Performer: Ivo Graham Photograph by: Matt Stronge Show: Motion Sickness Venue: Pleasance Courtyard (Cabaret Bar) Promoter: Off The Kerb Productions
Tell me about your Edinburgh show.
It is a stern inquisition into my various insecurities about commitment and personal growth, softened up with some lovely observational fluff (headphones, haemorrhoids etc). I’d like to think it’s got real potential, but it’s still very much in the panicked planning stage, so I’ll be spending most of the next month in public libraries and artisan cafes trying to bash it into shape.

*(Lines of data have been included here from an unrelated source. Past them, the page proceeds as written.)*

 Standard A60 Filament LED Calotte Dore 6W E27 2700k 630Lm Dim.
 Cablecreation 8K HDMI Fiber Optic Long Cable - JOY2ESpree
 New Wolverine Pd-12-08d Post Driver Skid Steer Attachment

Tell me about your first gig.
At Oxford’s Corner Club (now closed), a 5 minute audition spot for the city’s main comedy night, the Free Beer Show (now closed), which I then performed at the following term before going on to set up my own gig, the Ministry of Mirth (now closed). It gives me enormous pride to have spread my nervous, shambling, anecdotal seed across so many of these soon-to-be-deceased establishments while studying at the university, which I’m proud to say is still going strong to this day.
Do you have any rituals before going on stage?
I take a deep breath to prepare myself for the 20 minutes (even worse if it’s an hour!!!) I’m about to spend away from my phone, and fire off a few texts to various whatsapp groups / estranged university pals / secret crushes to make sure there’s a big dump of red notifications waiting for me when I get back.
Tell me about your best and worst review.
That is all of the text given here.